3) Correction priority: not all errors are equal
The key insight for beginners: fix errors that change your biological conclusions, not errors that look ugly. A merge error connecting two neurons in your circuit of interest is far more important than a split error in a distant fragment you’ll never analyze. Impact-weighted triage is essential.
Core workflow
Load segmented patch in Neuroglancer or equivalent viewer.
Identify merge/split candidates by scrolling through z and checking 3D meshes for implausible morphology.
Apply correction: split merged segments at the boundary, merge split fragments by verifying continuity.
Recalculate quality indicators: did the correction improve local metrics?
Log decisions: record what was changed, why, and what evidence supported the decision.
Open the practice dataset in Neuroglancer and browse for 5 minutes
Minute-by-minute plan
**00:00-08:00
Segmentation goals**
“What would a perfect segmentation look like? Every neuron correctly labeled, every membrane correctly placed.”
Show a well-segmented region side-by-side with raw EM. Point out: each color = one neuron.
Then show the same region with errors highlighted. “This is reality. Our job is to find and fix these.”
**08:00-22:00
Error taxonomy with real examples**
Walk through one merge error: show the 3D mesh with impossible branching, navigate to the merge point in 2D slices, explain why the model failed (low contrast at a blood vessel).
Walk through one split error: show a dead-end axon fragment, then the continuation 3 sections later. Explain: thin process + poor contrast = model lost it.

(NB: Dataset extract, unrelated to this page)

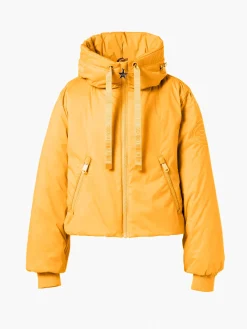 Goldbergh FLO Jacket papaya Shop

Walk through one boundary error: show a synapse attributed to the wrong neuron because the membrane position is off by 2 pixels.
For each: “What would this error do to your analysis?”
**22:00-36:00
Guided correction round**
Learners work in pairs on 3 pre-identified errors (1 merge, 1 split, 1 ambiguous).
Instructor circulates, coaching on: “Show me the evidence before you correct.” “What would happen if this merge is actually correct — two branches of the same neuron?”
**36:00-48:00
Quality metric interpretation**
Introduce: “How do we know if our corrections actually helped?”
Brief overview of metrics: edge precision/recall (are the connections right?), segment size distributions (do sizes look biological after correction?).
Compute metrics before and after the correction round. Did they improve?
**48:00-60:00
Debrief and competency check**
Each learner presents one correction with evidence chain.
Group discussion: “Which correction had the biggest impact on the graph? Why?”
Exit ticket: “Name the error type you found hardest to detect and why.”
Studio activity: correction triage simulation (60-75 minutes)
Scenario: Your team has a freshly segmented 50x50x50 um subvolume containing approximately 200 neuron fragments. Automated error detection has flagged 25 candidate errors. You have time to fix 10.
Task sequence:
Review all 25 flagged candidates and classify each by error type (merge/split/boundary/uncertain).
Rank by estimated impact: which corrections would most change the connectivity graph?
Fix the top 10 in priority order, documenting each correction.
Compute before/after metrics for the subvolume.
Write a 3-sentence “release note” summarizing what was fixed and what remains.
Expected outputs:
Ranked error list with type classifications and impact estimates.
Correction log with before/after evidence for each fix.
Metric summary table.
Release note.
Assessment rubric
Minimum pass: Correct error labels and at least one valid correction with evidence.
Strong performance: Correction prioritization explicitly tied to downstream analysis impact. Metrics show measurable improvement.
Common failure to flag: Correction without evidence of quality change — fixing things without checking whether it helped.